Contemporary valves are used in a variety of applications to govern the flow a liquid or a gas, collectively referred to herein as a fluid. Although a particular valve design is largely dependent upon its application, a majority of valves typically include a housing that defines a flow path therethrough. A valve member is positioned within the flow path to selectively allow or prevent flow, or to govern the characteristics of flow through the valve.
Valves are often characterized by the type of valve member they incorporate. For example, a ball valve typically incorporates a spherical valve member. As another example, a butterfly valve typically incorporates a disc shaped valve member. Various other configurations are readily recognized in the art.
These valve members are typically actuated manually or automatically via a stem or the like. The stem extends from the valve member to an exterior of the valve housing. Movement of the stem results in a corresponding movement of the valve member, which ultimately dictates the flow through the valve along the flow path therethrough.
With this general construction in mind, several problems arise as a result of the valve member's position within the flow path. As one example, a particular flow path through a valve can have complex turns and bends as a result of the shape and position of the valve member within the housing. That is, the flow is not straight through the valve between an inlet and an outlet of the housing.

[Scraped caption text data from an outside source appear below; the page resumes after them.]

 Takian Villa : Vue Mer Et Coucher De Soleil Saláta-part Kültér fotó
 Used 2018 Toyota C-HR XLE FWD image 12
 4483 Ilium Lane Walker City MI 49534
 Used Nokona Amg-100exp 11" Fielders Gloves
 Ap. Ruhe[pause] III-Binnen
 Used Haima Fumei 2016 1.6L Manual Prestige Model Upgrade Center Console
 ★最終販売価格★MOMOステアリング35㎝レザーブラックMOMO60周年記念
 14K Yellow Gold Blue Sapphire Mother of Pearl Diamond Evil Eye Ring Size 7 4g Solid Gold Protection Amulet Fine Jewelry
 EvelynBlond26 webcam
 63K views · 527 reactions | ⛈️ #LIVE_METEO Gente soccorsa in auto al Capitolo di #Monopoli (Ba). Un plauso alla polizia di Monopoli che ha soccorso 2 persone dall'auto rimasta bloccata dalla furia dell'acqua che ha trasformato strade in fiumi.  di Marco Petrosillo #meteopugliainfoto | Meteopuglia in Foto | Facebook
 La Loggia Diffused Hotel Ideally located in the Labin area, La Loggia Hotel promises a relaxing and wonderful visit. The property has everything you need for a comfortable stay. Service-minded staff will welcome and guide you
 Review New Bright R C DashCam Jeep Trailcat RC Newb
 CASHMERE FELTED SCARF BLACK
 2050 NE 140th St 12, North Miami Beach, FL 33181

As a result, there is an increased amount of undesirable turbulence in the flow through the valve.
As another example, the shape and placement of contemporary valve members can lead to a relatively high pressure differential across the valve, i.e. high valve back pressure. To cope with high valve back pressure, additional energy must be expended by a pump to maintain system pressure while moving the fluid through the system. Further, turbulent flow and/or high valve back pressure applications can lead to the undesirable necessity of more robust and higher cost flow sensors within the flow path to accurately sense flow through the valve.
As yet another example, the complex flow paths necessitated by various configurations of valve members can lead to an increased amount of noise due to the flow of fluid around such valve members. This is especially problematic in air flow applications such as duct work and the like.
In view of the above, there is a need in the art for a valve with a valve member that reduces or eliminates the need for a fluid to traverse complex flow paths when moving through a valve. The invention provides such a valve. These and other advantages of the invention, as well as additional inventive features, will be apparent from the description of the invention provided herein.